═══ Records provided
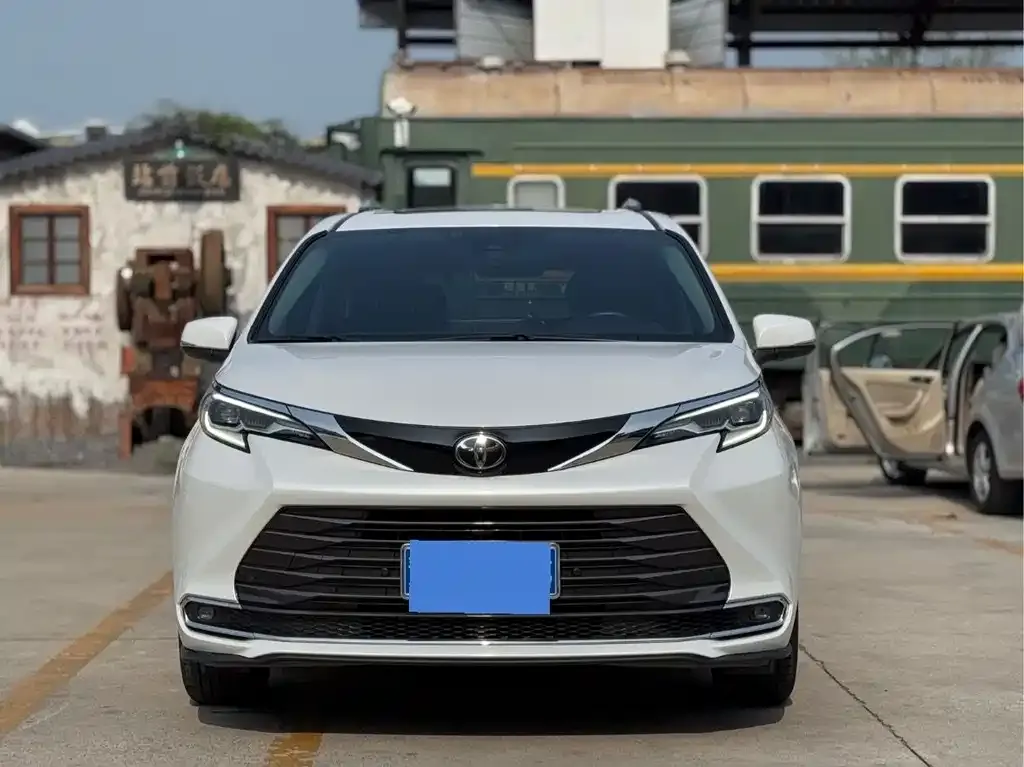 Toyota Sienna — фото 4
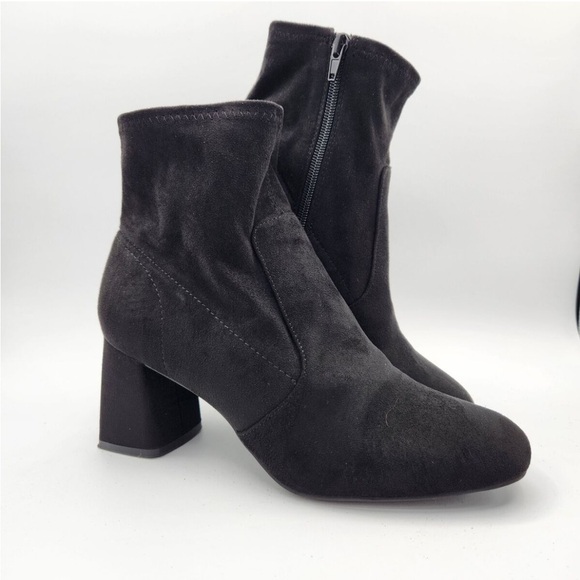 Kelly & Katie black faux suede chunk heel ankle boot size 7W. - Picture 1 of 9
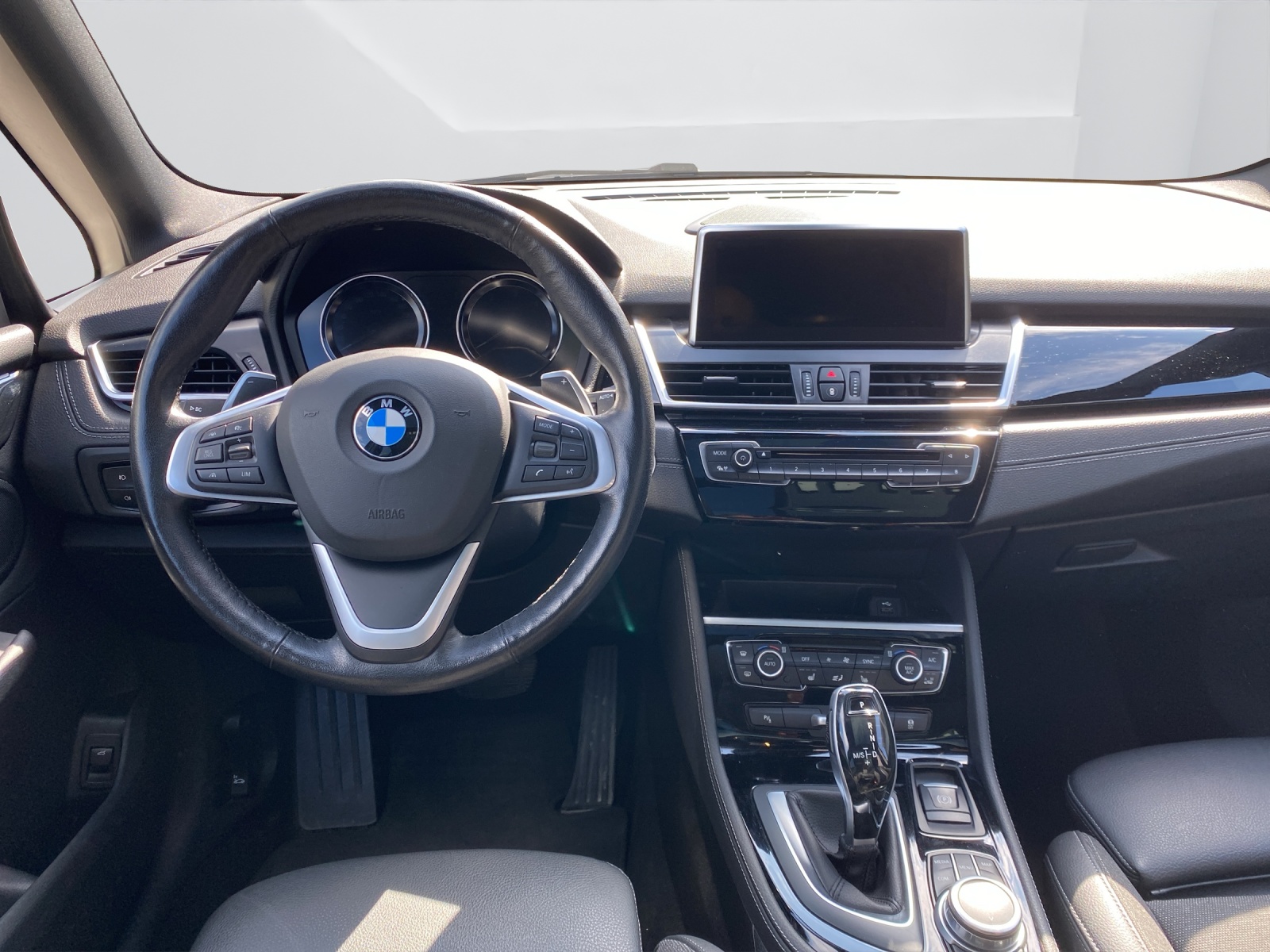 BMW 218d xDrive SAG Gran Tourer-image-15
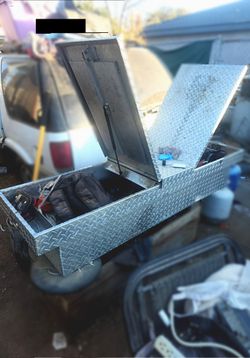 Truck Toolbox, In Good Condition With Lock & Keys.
══════
═══ Records provided
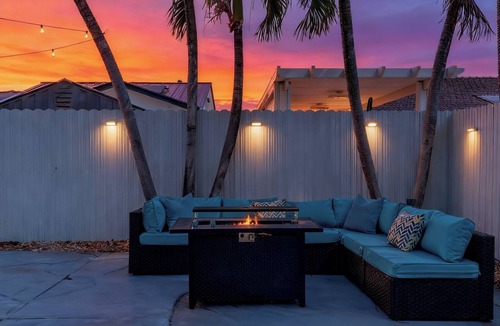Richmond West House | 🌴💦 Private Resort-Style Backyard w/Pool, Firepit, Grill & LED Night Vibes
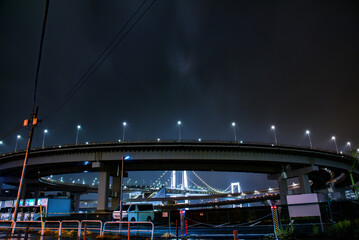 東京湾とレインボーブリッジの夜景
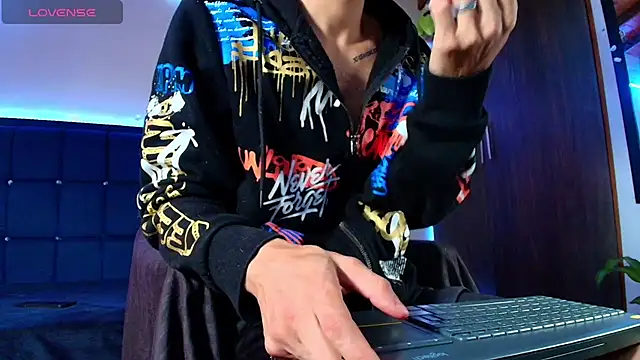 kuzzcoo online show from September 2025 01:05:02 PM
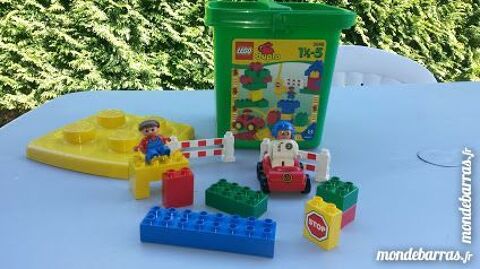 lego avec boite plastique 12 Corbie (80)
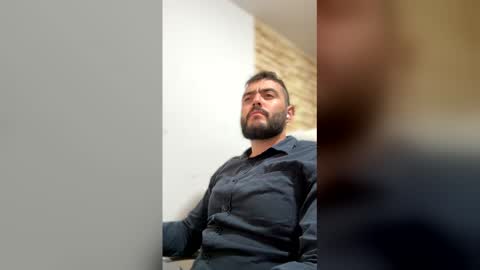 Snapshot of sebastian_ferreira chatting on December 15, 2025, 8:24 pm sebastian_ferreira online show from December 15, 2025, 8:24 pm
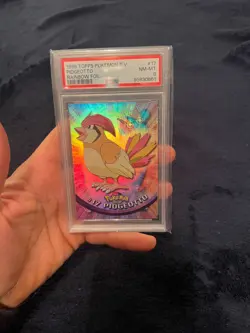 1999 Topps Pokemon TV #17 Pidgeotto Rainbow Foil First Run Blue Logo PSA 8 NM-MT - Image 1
══════
• _Task description_:
Reproduce the listing above exactly from the line containing "Kelly & Katie" up to and including the line containing "Truck Toolbox, In", omitting any images and everything outside those lines.

• _Output of the exercise_:
 Kelly & Katie black faux suede chunk heel ankle boot size 7W. - Picture 1 of 9
 BMW 218d xDrive SAG Gran Tourer-image-15
 Truck Toolbox, In Good Condition With Lock & Keys.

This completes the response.